DATA SECTION:

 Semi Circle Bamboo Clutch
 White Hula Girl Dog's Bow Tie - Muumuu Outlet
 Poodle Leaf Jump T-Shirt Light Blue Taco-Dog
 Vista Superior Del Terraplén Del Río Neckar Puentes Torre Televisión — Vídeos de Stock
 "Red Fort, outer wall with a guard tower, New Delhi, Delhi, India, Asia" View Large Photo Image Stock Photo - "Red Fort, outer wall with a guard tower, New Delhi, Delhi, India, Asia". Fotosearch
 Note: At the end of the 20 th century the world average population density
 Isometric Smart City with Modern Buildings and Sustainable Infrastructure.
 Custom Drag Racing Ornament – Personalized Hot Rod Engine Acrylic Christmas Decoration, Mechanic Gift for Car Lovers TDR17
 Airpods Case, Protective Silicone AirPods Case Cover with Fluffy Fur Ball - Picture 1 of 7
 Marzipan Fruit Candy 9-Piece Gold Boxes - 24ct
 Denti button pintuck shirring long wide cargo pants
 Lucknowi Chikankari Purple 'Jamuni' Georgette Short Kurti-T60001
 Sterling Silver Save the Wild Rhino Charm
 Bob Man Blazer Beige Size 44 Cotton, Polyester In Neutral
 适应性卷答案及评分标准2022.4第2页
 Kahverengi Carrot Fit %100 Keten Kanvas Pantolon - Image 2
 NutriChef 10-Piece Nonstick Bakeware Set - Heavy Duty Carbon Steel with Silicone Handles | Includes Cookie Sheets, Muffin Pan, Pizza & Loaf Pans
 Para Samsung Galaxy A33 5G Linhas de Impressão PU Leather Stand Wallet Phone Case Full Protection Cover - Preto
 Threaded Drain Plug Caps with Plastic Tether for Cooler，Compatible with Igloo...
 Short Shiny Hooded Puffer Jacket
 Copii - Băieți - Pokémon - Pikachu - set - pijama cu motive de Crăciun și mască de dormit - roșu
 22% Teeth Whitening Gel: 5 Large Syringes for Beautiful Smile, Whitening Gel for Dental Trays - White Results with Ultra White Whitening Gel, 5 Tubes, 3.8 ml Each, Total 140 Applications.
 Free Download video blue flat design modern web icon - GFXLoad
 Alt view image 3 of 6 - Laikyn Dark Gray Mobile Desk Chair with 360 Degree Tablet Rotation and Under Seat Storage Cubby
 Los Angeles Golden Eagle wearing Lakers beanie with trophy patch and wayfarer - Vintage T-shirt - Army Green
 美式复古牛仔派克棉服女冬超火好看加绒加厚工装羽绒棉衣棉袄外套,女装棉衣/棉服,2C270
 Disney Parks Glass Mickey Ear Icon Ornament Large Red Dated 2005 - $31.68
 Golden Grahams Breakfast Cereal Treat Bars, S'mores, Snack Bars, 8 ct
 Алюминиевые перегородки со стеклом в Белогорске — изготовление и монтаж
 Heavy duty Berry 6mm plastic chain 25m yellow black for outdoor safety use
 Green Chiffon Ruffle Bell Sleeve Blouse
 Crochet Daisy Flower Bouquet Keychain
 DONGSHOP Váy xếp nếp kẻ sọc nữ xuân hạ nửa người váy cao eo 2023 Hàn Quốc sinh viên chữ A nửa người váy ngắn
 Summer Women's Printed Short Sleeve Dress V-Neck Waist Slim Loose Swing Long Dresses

WHAT THE TASK ASKS:
Search the data and copy each line containing "Sleeve".

ANSWER BELOW:
 Green Chiffon Ruffle Bell Sleeve Blouse
 Summer Women's Printed Short Sleeve Dress V-Neck Waist Slim Loose Swing Long Dresses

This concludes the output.